Over the weekend, I decided to venture out for a Swedish holiday that I missed last year.

“Alla helgons dag” or “All Saints’ Day” is a national holiday that falls on the first Sunday in November. Although it stems from the Christian tradition of honouring those saints without their own day, it has evolved to be less about religion. These days, it’s a holiday for remembering any and all those who have died. Typical “celebrations” include lighting candles and decorating cemetery graves, with some churches also hosting services.

In Stockholm, the main tradition is to visit Skogskyrkogården, a hilly forest cemetery south of the city which draws thousands of visitors for Alla helgons dag. Since this location was a bit far for me on a rainy Sunday evening, I decided to head out for the second most-hyped place I’d heard about: the (smaller and quieter) kyrkan cemetery on Lidingö, a large island northwest of the city. 
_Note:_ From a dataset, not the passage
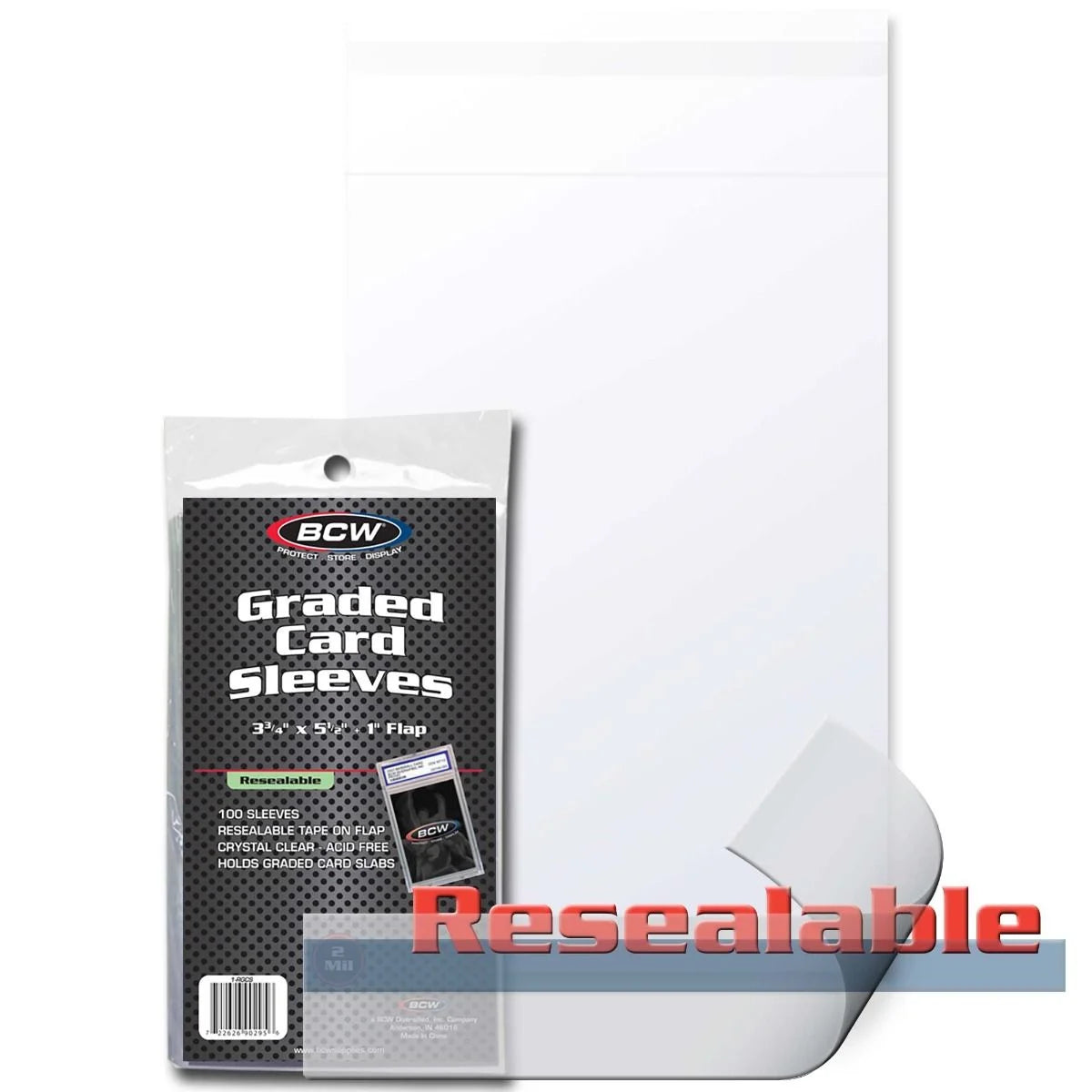 BCW: Resealable Graded Card Sleeves (100 Count)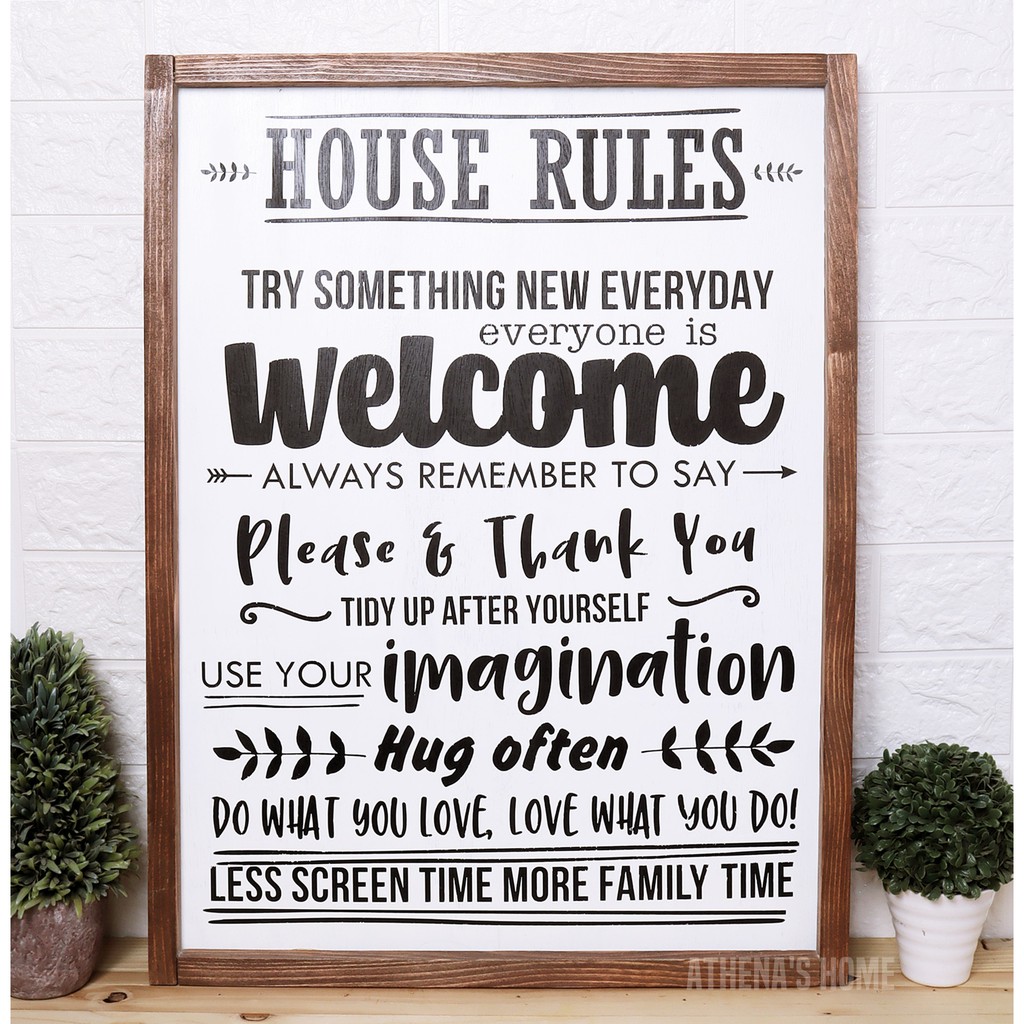 HOUSE RULES RUSTIC DECOR/FARMHOUSE SIGN ***DM us if item is OUT OF STOCK*** Shopee Philippines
A friend and I wandered around in the rain, bearing witness to the impressive number of candles still aglow. There was hardly anyone else out which made it especially peaceful; quieter “celebrations” seemed to suit this holiday. We wandered past individual graves with carefully placed decorations, as well as some larger memorials like a pool surrounded by clusters of candles.

I learned that while many people decorate the graves of their loved ones, it’s also common to participate anonymously by lighting a candle in memory of your loved ones, wherever their final resting place may be. 

// Claire

One thought on “My trip to the cemetery for Alla Helgons Dag”

  1. The pictures are just beautiful of all of the candles!! I love this tradition.